Uncommon 2.75 x 1.75 ticket stub for a concert headlined by “Jimi Hendrix” at New York’s famed Madison Square Garden on May 18, 1969, issued for Loge 37C, Row B, and Seat 1. Included with the ticket is an original program for Hendrix's 1969 US tour, entitled 'Electric Church: A Visual Experience,' 12 x 12, 30 pages, which features numerous seldom-seen images of the Experience during downtime and on stage. In overall very good condition, with creasing to both items.

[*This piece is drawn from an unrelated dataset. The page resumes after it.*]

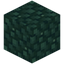 Veridium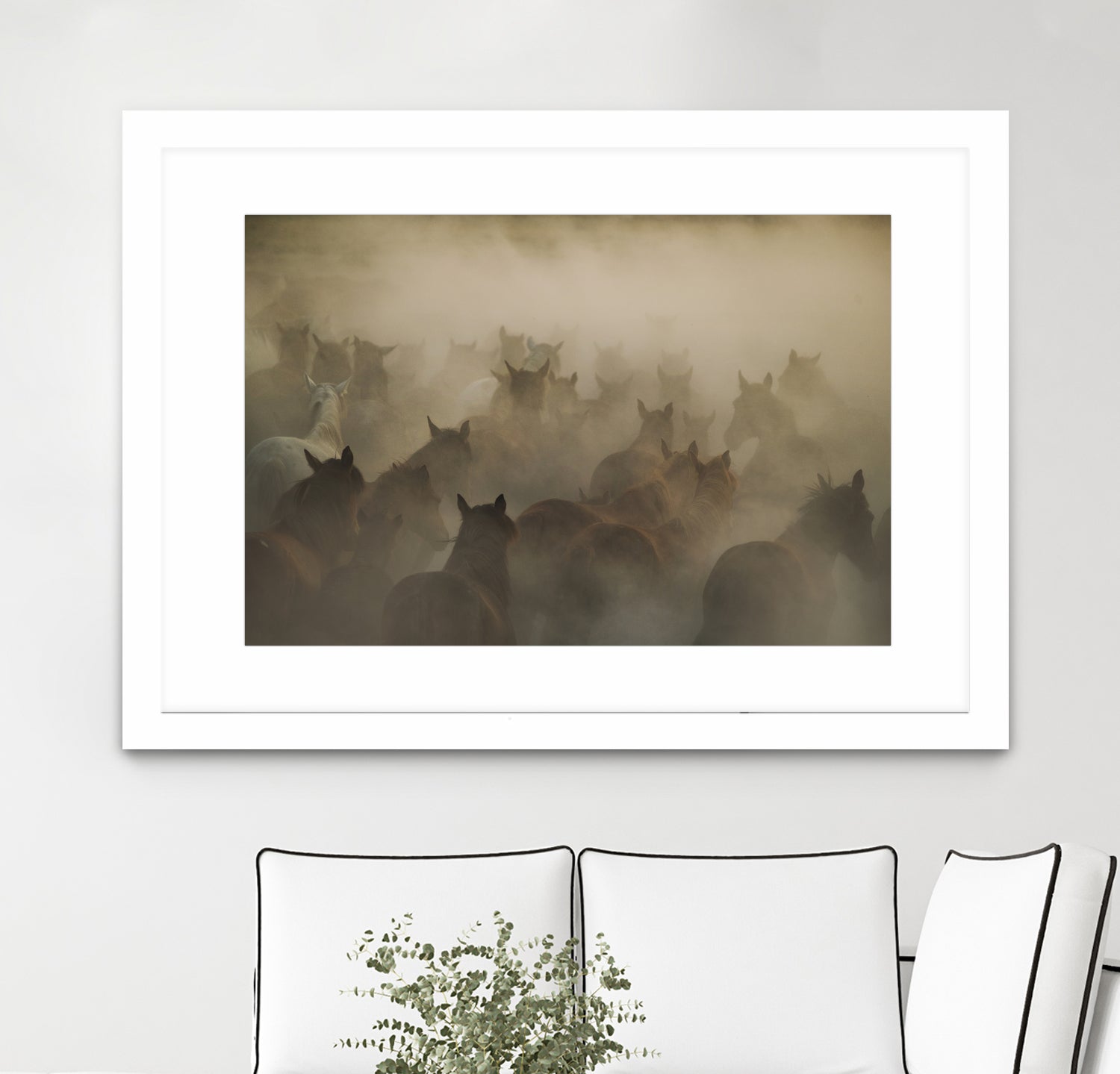 in dust by Huseyin on GIANT ART - photography horses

Tickets for the 19,000-seat sold-out show ran from $4.00 to $6.50. This show at Madison Square Garden was the 18th gig of the Experience's 26-concert North American tour and it was about three weeks after Hendrix had been busted for drugs at the Toronto airport. On the day of the show, Hendrix and the band went to the Fillmore East to catch the first set by The Who. But, as bassist Noel Redding records in his diary, midway through the show smoke began to fill the hall. 'A fire started in the grocery store on the comer,' recalled Bill Graham. 'Someone threw a Molotov cocktail in there because the owner refused to pay his protection money.' Police invaded the Fillmore stage and cause a fracas as the crowd was ushered out. Guitarist Larry Coryell escorted The Experience to safety and their show at the Garden.

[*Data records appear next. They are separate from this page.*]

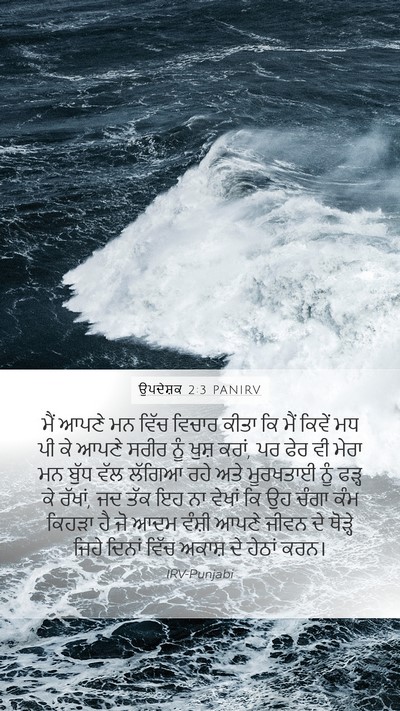 ਉਪਦੇਸ਼ਕ 2:3 PANIRV Bible Verse Image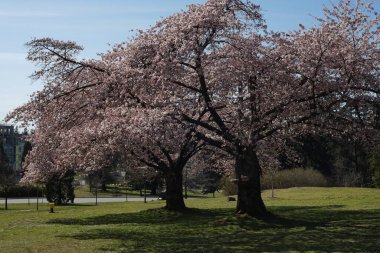 Vancouver 'da 2000 ilkbaharında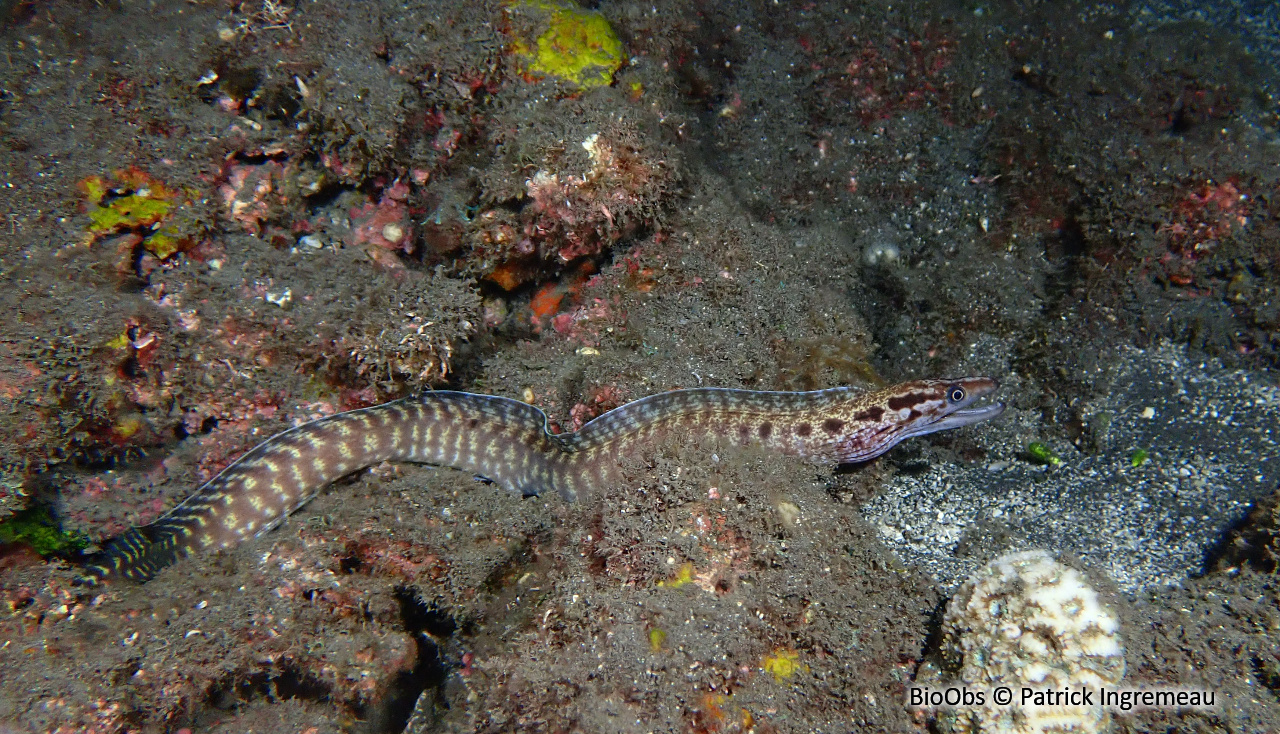 Murène à cou taché - Gymnothorax margaritophorus - Patrick Ingremeau - BioObs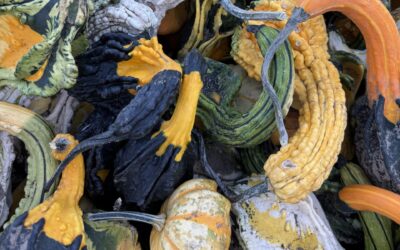 Part 1: Why your clutter is more than ‘too much stuff’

Six weeks after the May 18, 1969, Madison Square Garden concert, Noel Redding quit the Jimi Hendrix Experience. Hendrix recruited his old Army buddy Billy Cox to play bass, and drummer Buddy Miles joined them to form the first successful all black power trio, A Band of Gypsys.

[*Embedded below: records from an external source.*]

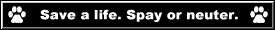 Spay or Nueter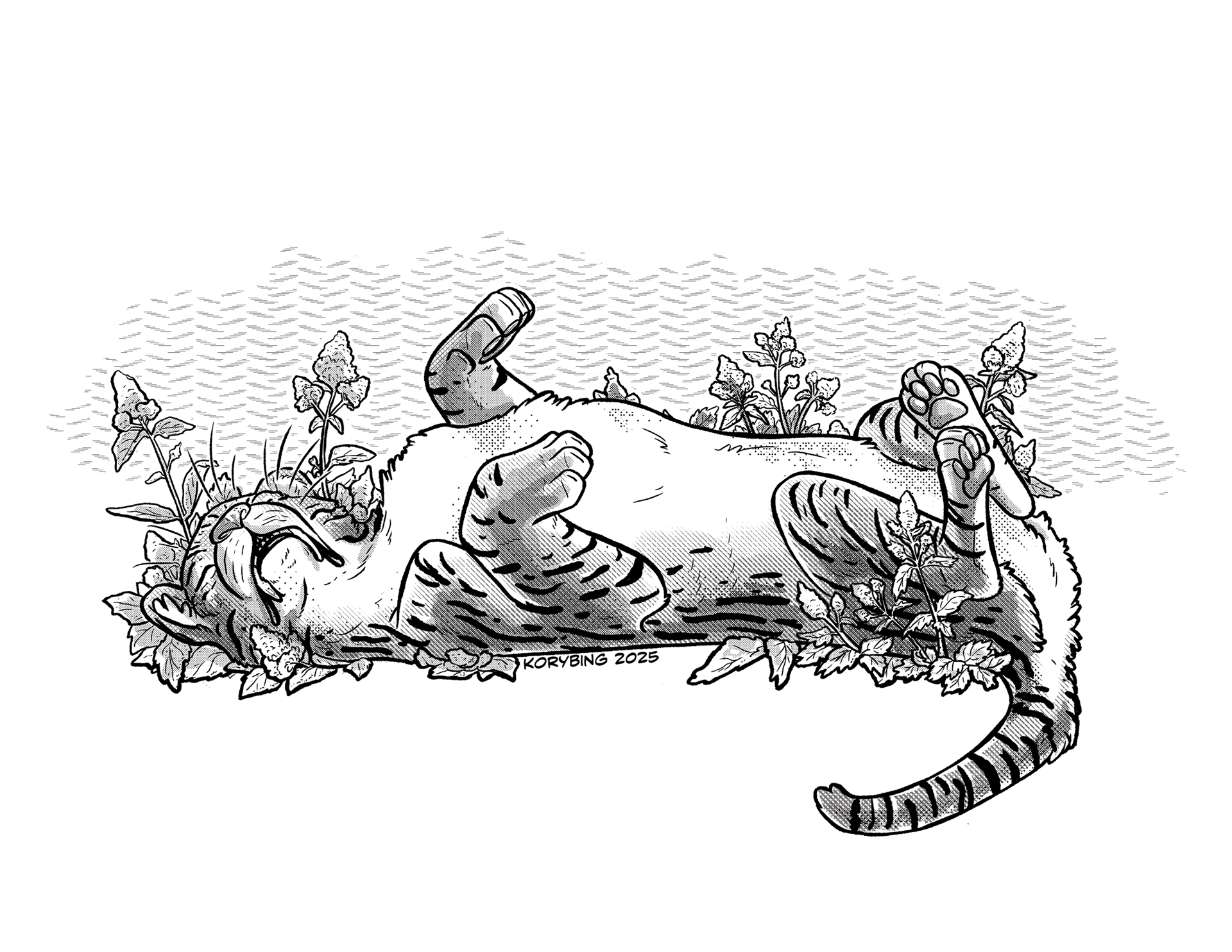 Machairodus in Catnip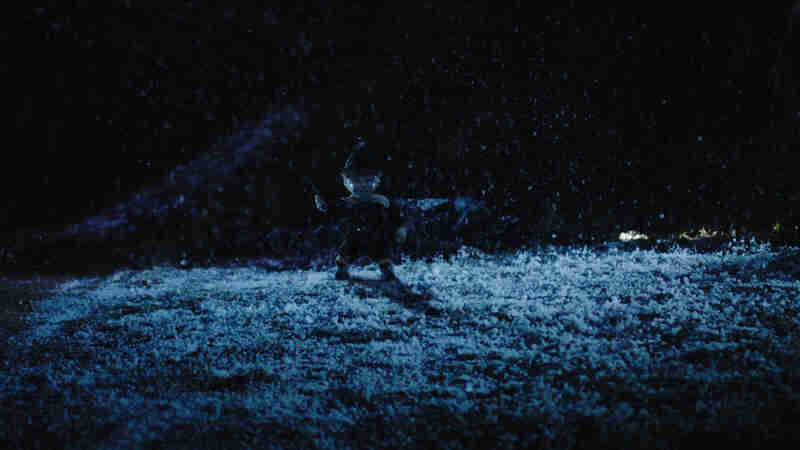 The Enchanted (2016) Screenshot 2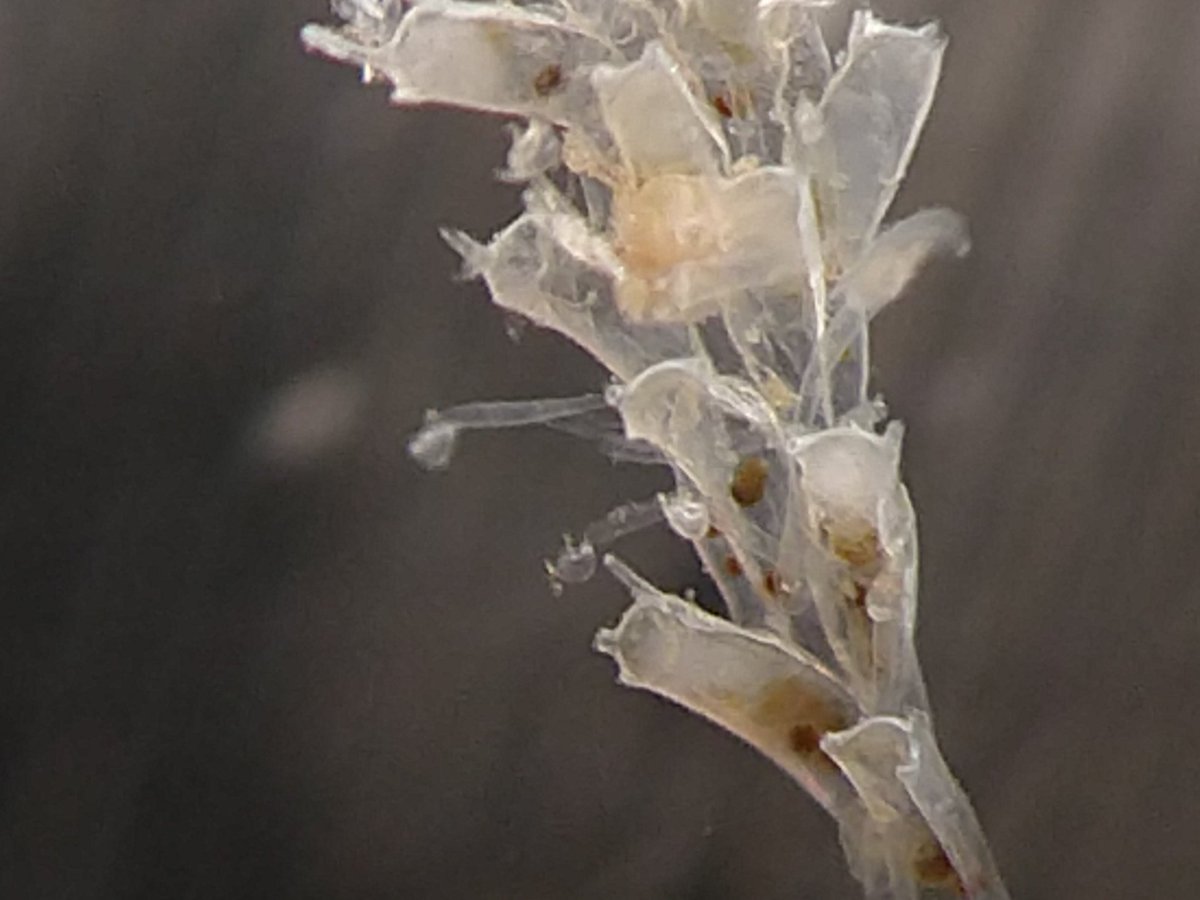 Megan McCuller, ectoproctologist tweet media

Hendrix embraced the 'electric church' concept as a cosmic, quasi-spiritual belief that music could flow around the world like an electrical force, into bodies and out of souls, enlightening people along the way. On the Dick Cavett show in 1969, Hendrix explained that he designed his music to go 'inside the soul of the person, and awaken some kind of thing inside, because there are so many sleeping people.' It is no coincidence, either, that he literally relied on electricity to create his music in the first place—at its core, the Hendrix sound is the result of an electrical signal passing through a series of wires, magnets, transistors, and vacuum tubes.